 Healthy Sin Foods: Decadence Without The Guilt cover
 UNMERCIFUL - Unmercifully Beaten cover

--

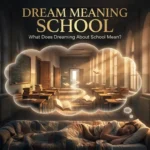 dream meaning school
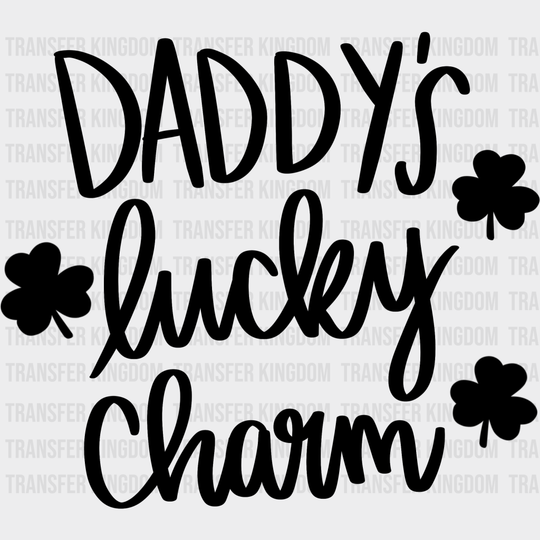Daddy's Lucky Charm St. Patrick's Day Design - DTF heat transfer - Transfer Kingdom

* * *

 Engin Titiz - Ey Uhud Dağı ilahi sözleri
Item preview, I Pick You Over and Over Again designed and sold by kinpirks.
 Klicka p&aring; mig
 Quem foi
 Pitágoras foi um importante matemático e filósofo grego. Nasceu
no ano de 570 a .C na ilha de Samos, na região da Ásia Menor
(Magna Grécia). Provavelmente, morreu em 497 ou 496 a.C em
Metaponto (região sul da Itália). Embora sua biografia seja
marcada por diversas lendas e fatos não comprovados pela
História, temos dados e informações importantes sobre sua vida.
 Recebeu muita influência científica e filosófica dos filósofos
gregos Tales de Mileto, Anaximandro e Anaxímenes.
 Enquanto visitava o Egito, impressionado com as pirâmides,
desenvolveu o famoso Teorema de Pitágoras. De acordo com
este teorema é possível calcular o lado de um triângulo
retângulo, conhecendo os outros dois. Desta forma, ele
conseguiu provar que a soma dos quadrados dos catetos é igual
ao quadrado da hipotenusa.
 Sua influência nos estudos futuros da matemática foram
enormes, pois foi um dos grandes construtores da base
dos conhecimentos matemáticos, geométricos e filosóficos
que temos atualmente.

## The problem
Look back at the entries above. Retype the line with "História, temos dados", the line with "desenvolveu o famoso", and all lines in between.

## Answer box
História, temos dados e informações importantes sobre sua vida.
 Recebeu muita influência científica e filosófica dos filósofos
gregos Tales de Mileto, Anaximandro e Anaxímenes.
 Enquanto visitava o Egito, impressionado com as pirâmides,
desenvolveu o famoso Teorema de Pitágoras. De acordo com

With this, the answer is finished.